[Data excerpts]
+ + + + +

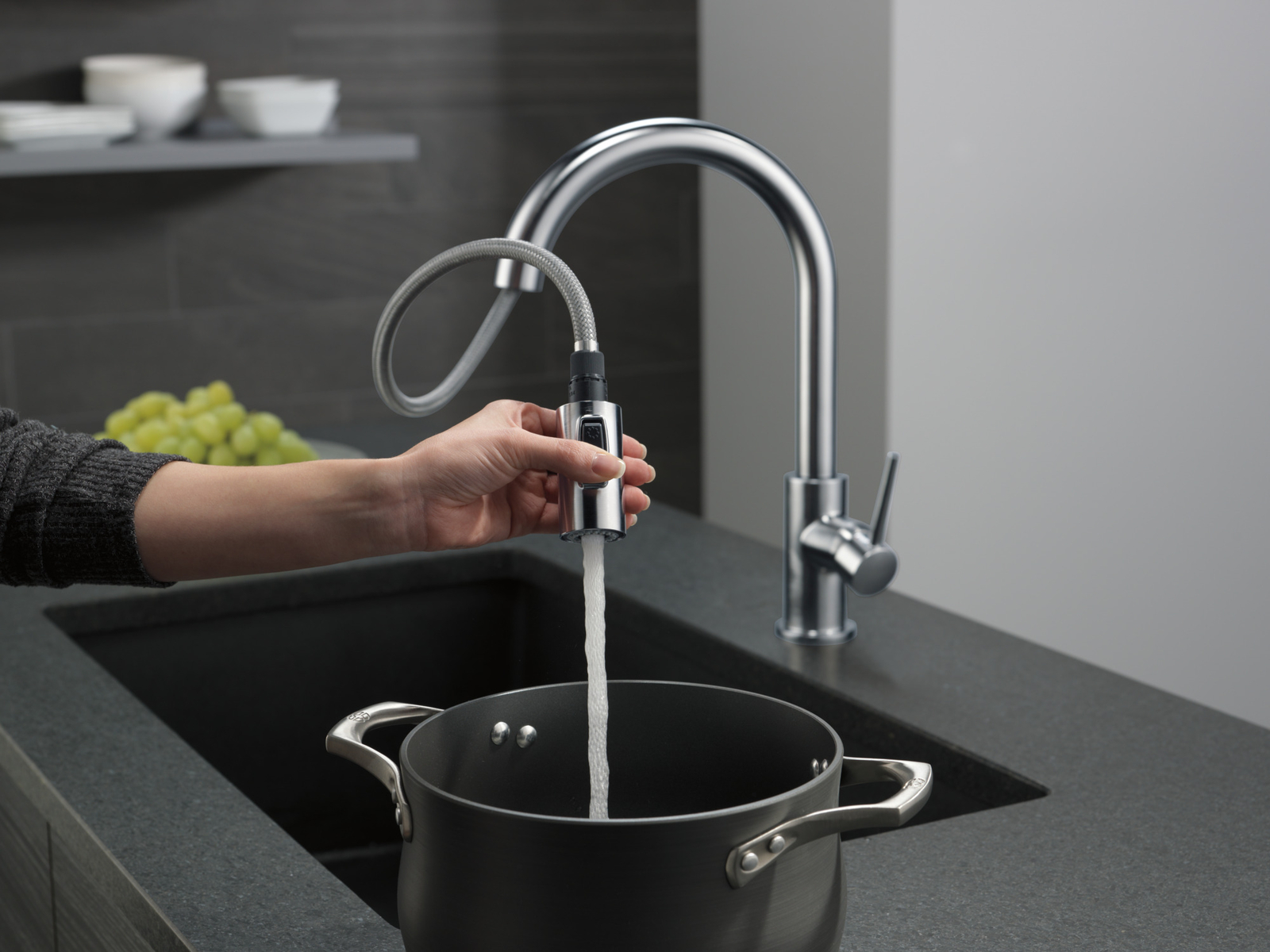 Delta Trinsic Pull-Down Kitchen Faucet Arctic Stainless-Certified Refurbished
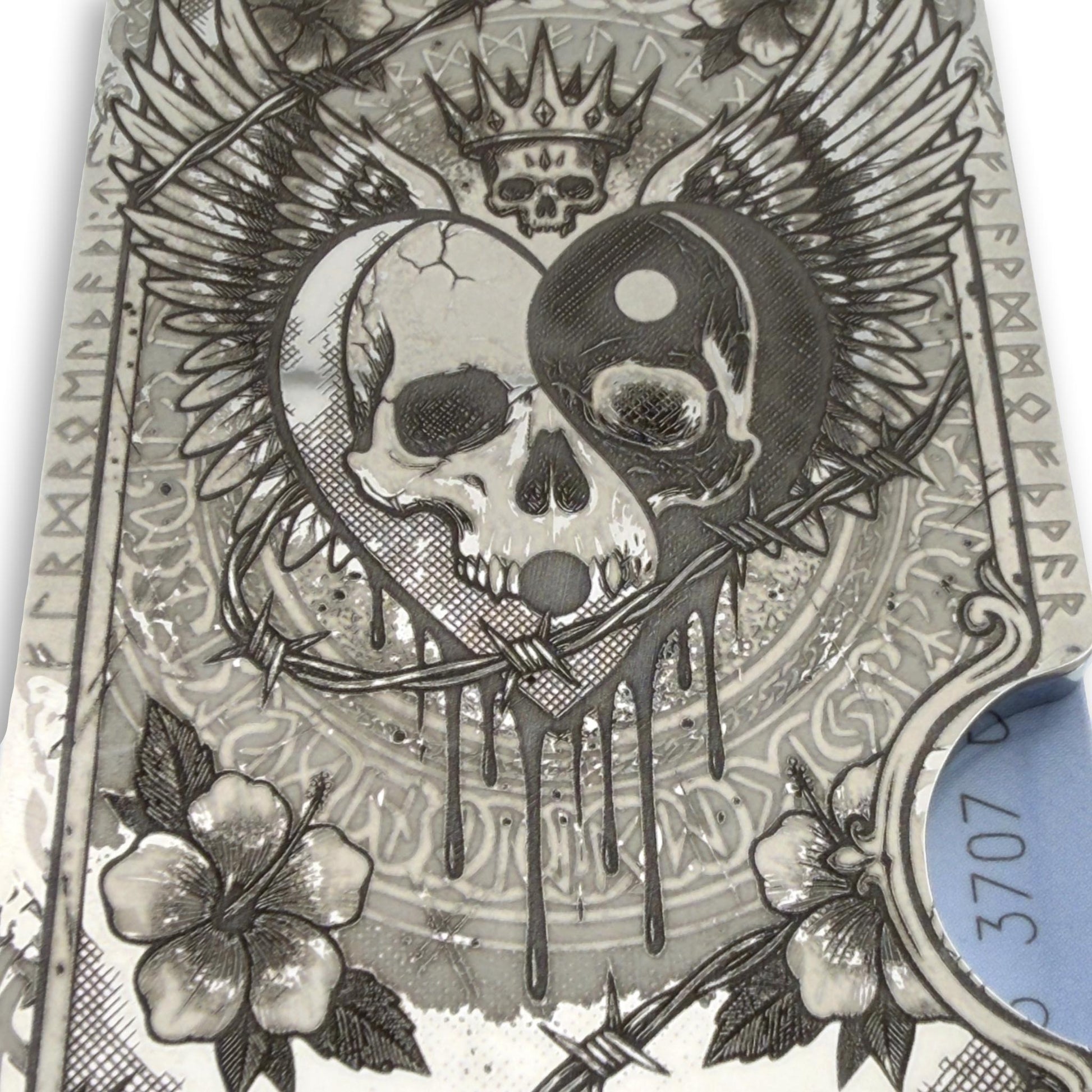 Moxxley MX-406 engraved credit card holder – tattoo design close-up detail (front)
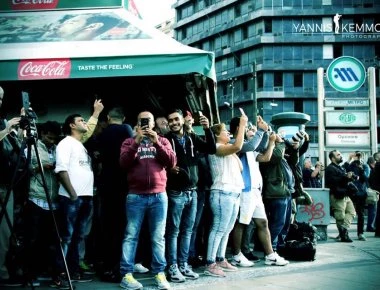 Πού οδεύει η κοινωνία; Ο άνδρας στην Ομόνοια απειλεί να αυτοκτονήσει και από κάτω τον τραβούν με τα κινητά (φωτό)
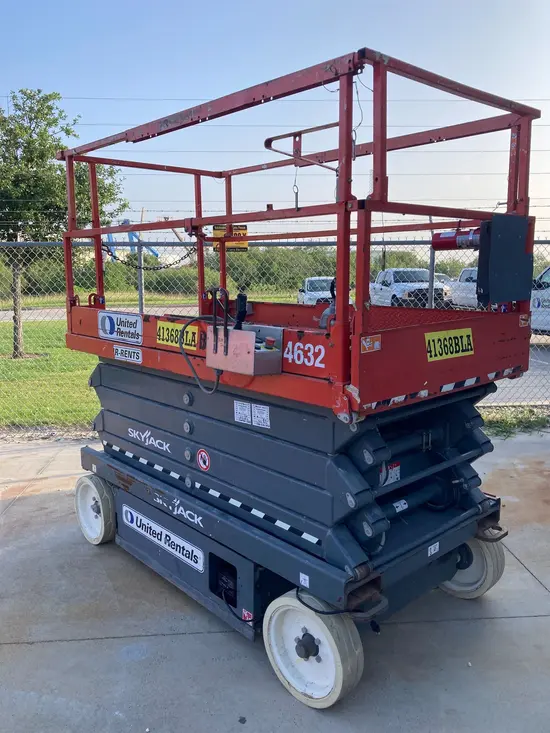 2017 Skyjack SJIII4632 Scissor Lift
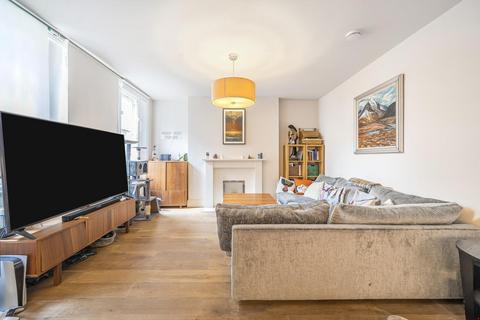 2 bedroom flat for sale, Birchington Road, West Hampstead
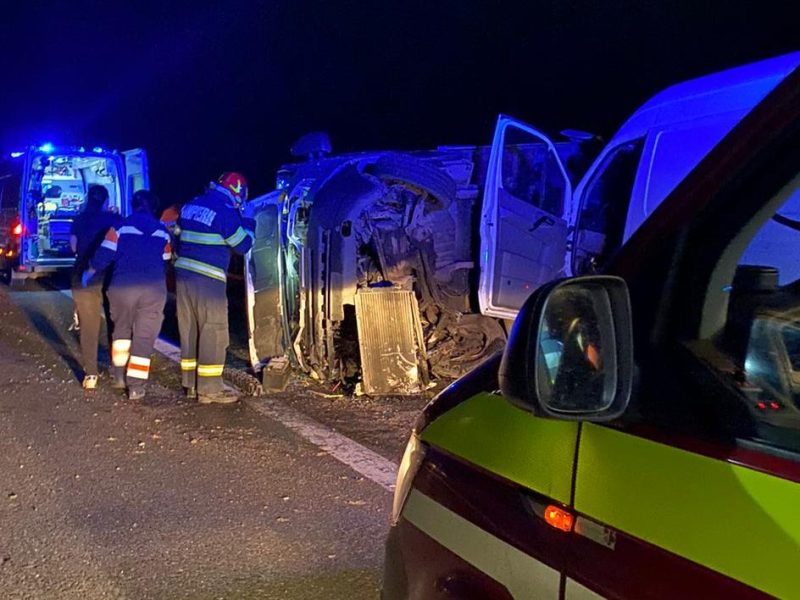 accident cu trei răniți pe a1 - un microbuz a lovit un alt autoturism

+ + + + +

Assignment
Word for word, give the data above again, without any images.

Response to the task
 Delta Trinsic Pull-Down Kitchen Faucet Arctic Stainless-Certified Refurbished
 Moxxley MX-406 engraved credit card holder – tattoo design close-up detail (front)
 Πού οδεύει η κοινωνία; Ο άνδρας στην Ομόνοια απειλεί να αυτοκτονήσει και από κάτω τον τραβούν με τα κινητά (φωτό)
 2017 Skyjack SJIII4632 Scissor Lift
 2 bedroom flat for sale, Birchington Road, West Hampstead
 accident cu trei răniți pe a1 - un microbuz a lovit un alt autoturism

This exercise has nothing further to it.